| Work instructions |
Please set down only the lines below starting with the line with "サンローラン 長財布 ラウンドファスナー" and going on through the line with "Vidaxl Panier De", verbatim and without pictures.
*** Available data ***
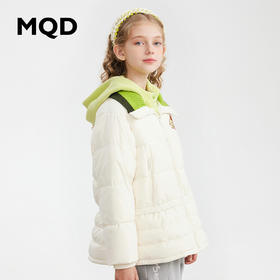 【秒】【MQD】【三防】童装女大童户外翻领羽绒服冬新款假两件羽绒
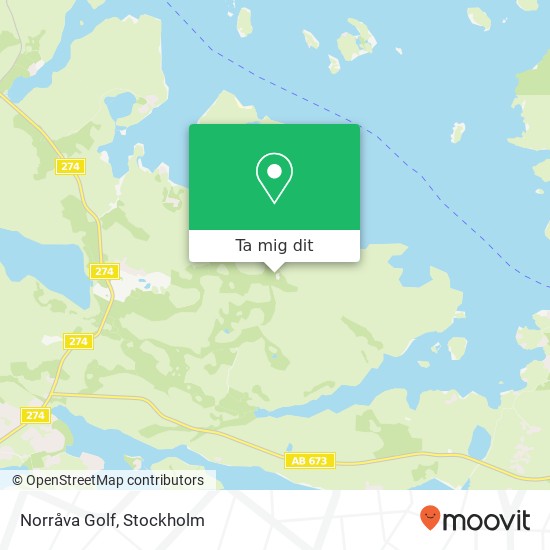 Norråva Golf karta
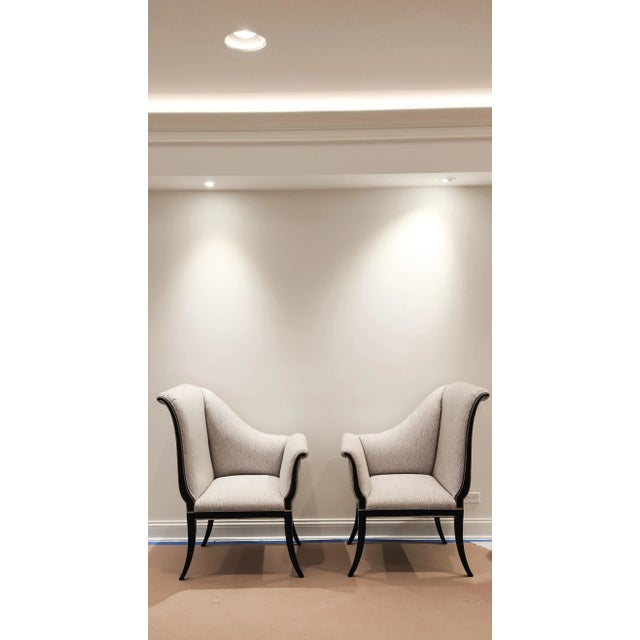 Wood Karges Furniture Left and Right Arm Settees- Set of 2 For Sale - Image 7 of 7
*** End of Available data ***
*** Available data ***
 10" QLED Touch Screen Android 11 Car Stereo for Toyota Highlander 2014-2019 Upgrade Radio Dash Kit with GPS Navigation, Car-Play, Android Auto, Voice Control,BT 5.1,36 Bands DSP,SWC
*** End of Available data ***
*** Available data ***
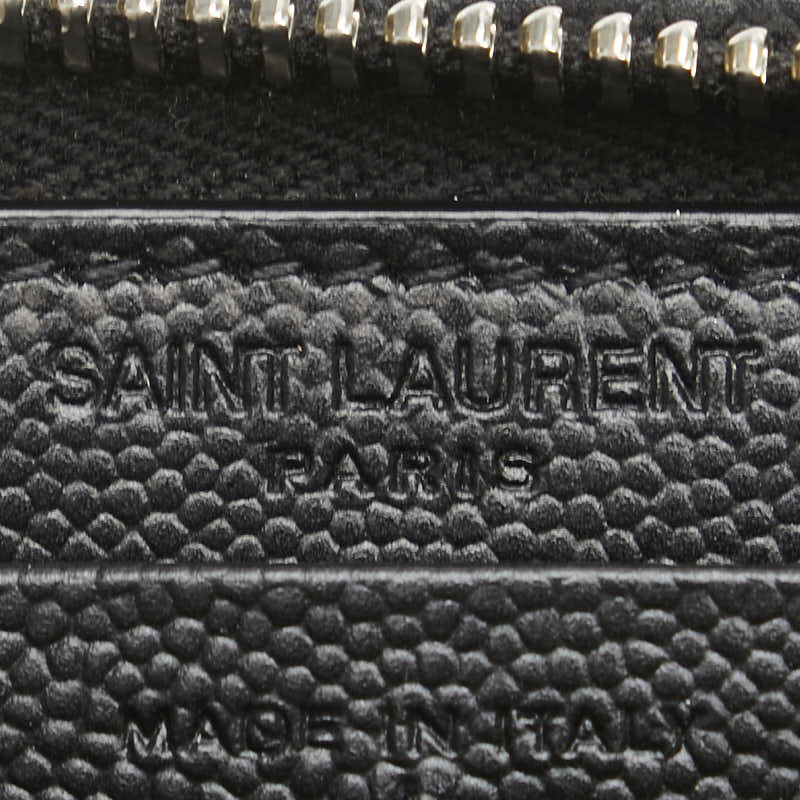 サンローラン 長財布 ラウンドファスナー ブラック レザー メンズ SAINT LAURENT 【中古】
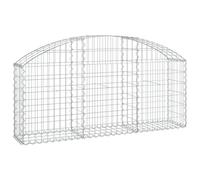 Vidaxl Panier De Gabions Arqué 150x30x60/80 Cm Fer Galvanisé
*** End of Available data ***
| Task answer |
 サンローラン 長財布 ラウンドファスナー ブラック レザー メンズ SAINT LAURENT 【中古】
 Vidaxl Panier De Gabions Arqué 150x30x60/80 Cm Fer Galvanisé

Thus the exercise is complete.